5.       Always waive the right to see the letter. Scholarship committees and schools do not take seriously letters that you haven’t waived the right to see.

6.       Always choose a recommender who knows you well and who you are confident will represent you in a good light. This is why it is important to form relationships with teachers beyond the classroom early in your academic career.

7.       Choose who you ask to write you a letter based on the opportunity. If it is for an academic scholarship, you should ask people who can comment on your academic ability (your professors). If it is for a scholarship that involves leadership and service, you should ask someone who can comment on these aspects. For graduate school, the rule of thumb is to ask someone who has a degree in the field that you are going into.

8.       Pick your recommenders strategically. Review what information you are using for your application and use this to determine what other items you need filled in.

9.       Set reminders on your own calendar for the dates on which you should follow up with your recommenders. Even though your recommender is responsible for getting his or her letter in on time, you are responsible for making sure he or she does it – you are the person on the line here!

10.   Remember you manners – thank you notes are important. You never know when you’ll need your recommenders to write you another letter.

For more help, check out: Letters


Asking for Letters of Recommendation


One of the most daunting aspects of applying for scholarship can be the one part you don’t have to write yourself: the letter of recommendation. Although someone else is doing the work on this, there are still important steps you need to take to ensure that you have the best letter possible.

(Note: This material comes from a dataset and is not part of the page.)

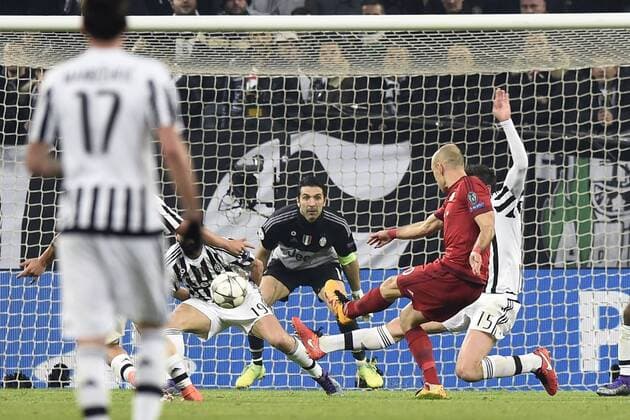 Fußball, Champions League, Juventus Turin - FC Bayern München Torino 23 02 2016 - Champions League Juventus Turin vs. FC Bayern München: Arjen Robben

Asking For Letters of Recommendation

Ask these People:

·         Faculty/Community members/ employers who know you well and who you are confident will say nice things about you

·         People who you are sure fulfill the criteria of the type of recommender the committee is looking for. (If they say someone in your major, it should be someone in your major, if they say someone who is familiar with your research capabilities, then it should be someone who is familiar with your research capabilities…)

Do Not Ask these People:

·         Important people just because they are important people. Don’t ask the chancellor just because he is the chancellor. If he doesn’t know you, he can’t write a good letter.

·         People who don’t know you that well.

How to Approach Potential Recommenders

·         Make an appointment – don’t ambush them.

·         Ask them if they feel like they know you well enough to write you a *good* letter of recommendation. You may have to gauge if they are being honest. Only go with enthusiastic recommenders.

·         Take your resume to the appointment. This will help your recommender write the best letter he or she can write

·         Take a description of the scholarship or program to the appointment.

·         Ask them for advice on your application. You should be working with recommenders who are in the field of the scholarship or graduate school to which you are applying. This will not only help you make sure that this is the appropriate recommender, but it will also give you another set of eyes on your application. This is never a bad thing. Also, it might help for your recommender to mention some of the things you talk about in your appliction (research, ideas, etc).

Organizing the logistics of application

·         If the instructor is to complete the application online, explain this. Make sure that she knows where she will be able to fill out the application. Will the scholarship automatically email a form, or will you have to? Make sure you know this.

·         If the letter of recommendation is to be sent through the mail, you need to give your professor all of the material that he or she will need. Your professor is busy. Don’t ask him to print off the form and address the envelope. Print off the form and address and stamp the envelope yourself. Read over any forms to make sure you don’t have to fill out any sections. Many forms will require you to do this.

Keep in Mind…

·         Your timeline. Always allow 3-4 weeks between when you ask your recommender and when you need to the application

·         It is up to you to make sure your recommender gets the letter in. Following up about a week before the deadline is always a good idea.

·         Courtesy goes a long way. Never assume the potential recommender will write you a letter – always say please (never demand). Always follow up with a thank you note. You never know when you will have to ask the recommender to write you a note again.